Start of Dataset records

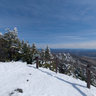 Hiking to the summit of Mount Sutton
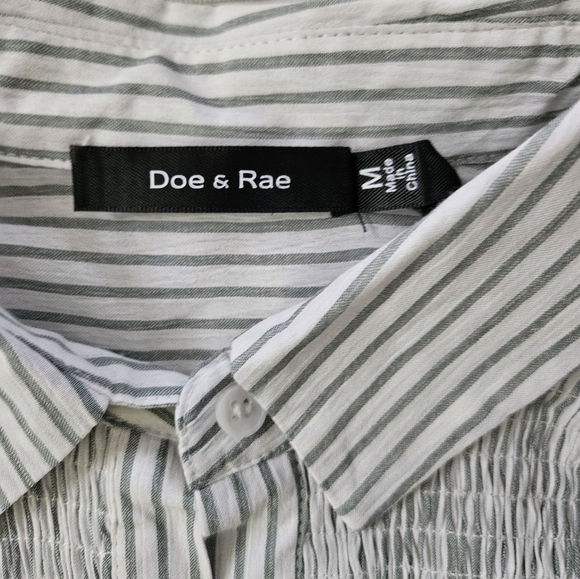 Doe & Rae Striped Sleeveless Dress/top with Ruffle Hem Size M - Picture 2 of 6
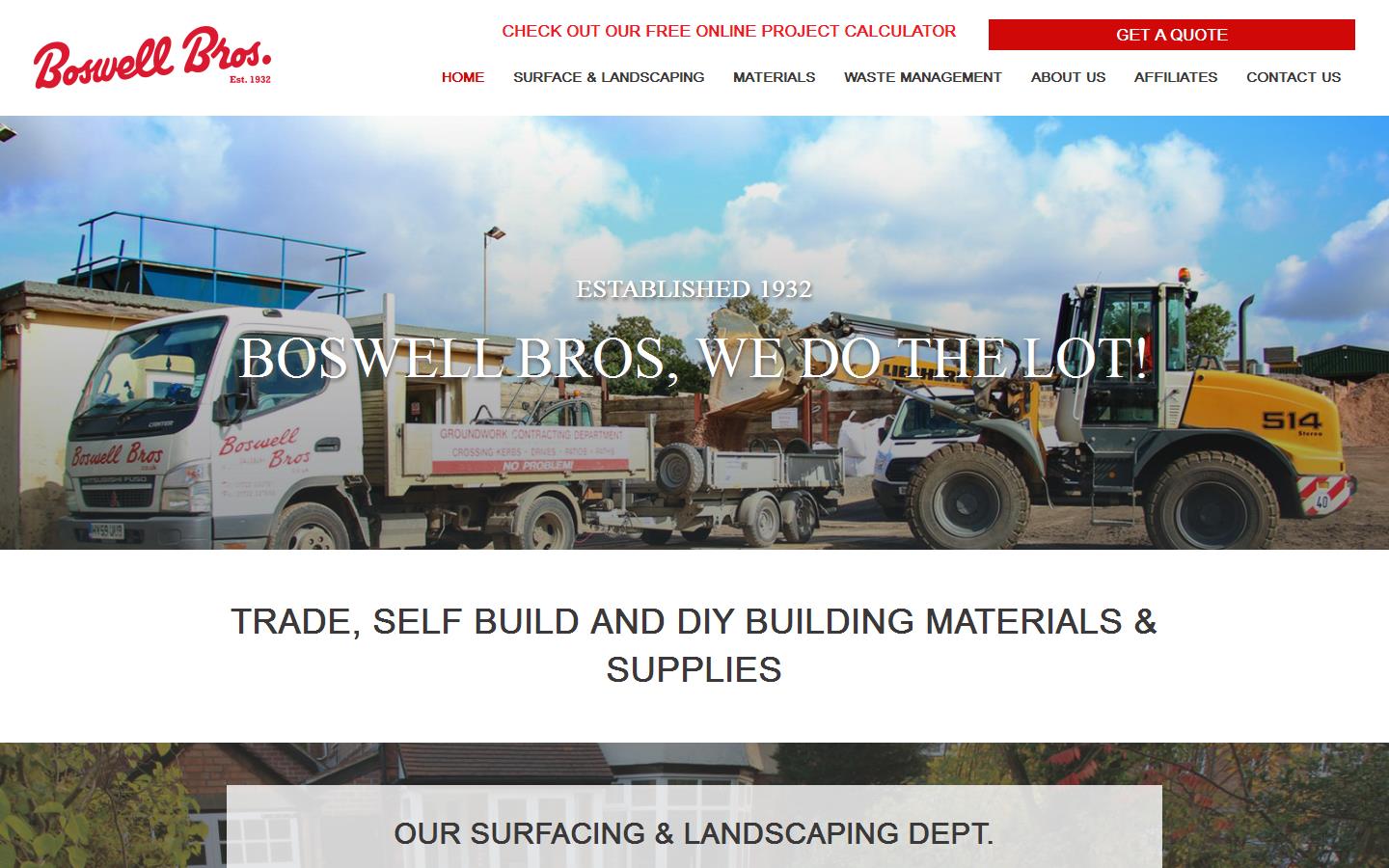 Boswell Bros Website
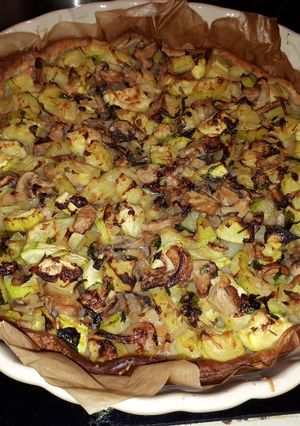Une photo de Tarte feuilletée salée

End of Dataset records
Start of Dataset records

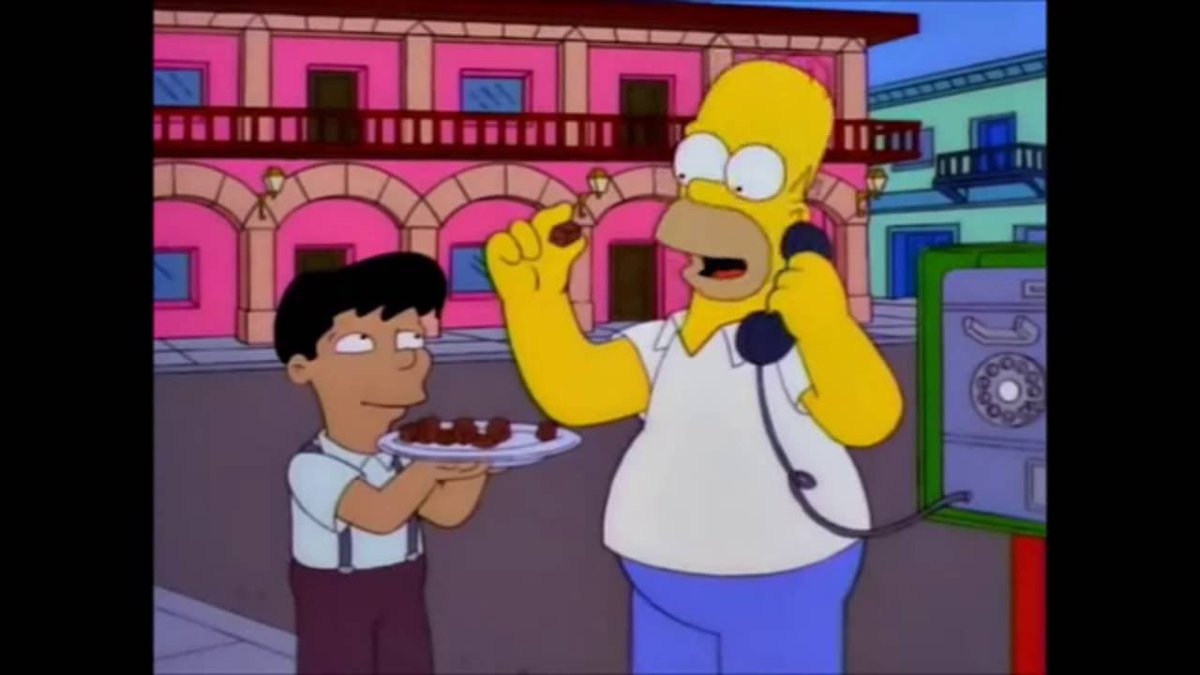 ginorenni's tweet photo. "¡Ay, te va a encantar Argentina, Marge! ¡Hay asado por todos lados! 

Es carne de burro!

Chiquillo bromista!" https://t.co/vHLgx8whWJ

End of Dataset records

[Task description] Each line from the one that contains "Hiking to the summit of Mount Sutton" down to the one that contains "Une photo de Tarte feuilletée salée" is to be returned exactly as it stands above, both ends included, with pictures removed.

[Solved exercise]
 Hiking to the summit of Mount Sutton
 Doe & Rae Striped Sleeveless Dress/top with Ruffle Hem Size M - Picture 2 of 6
 Boswell Bros Website
Une photo de Tarte feuilletée salée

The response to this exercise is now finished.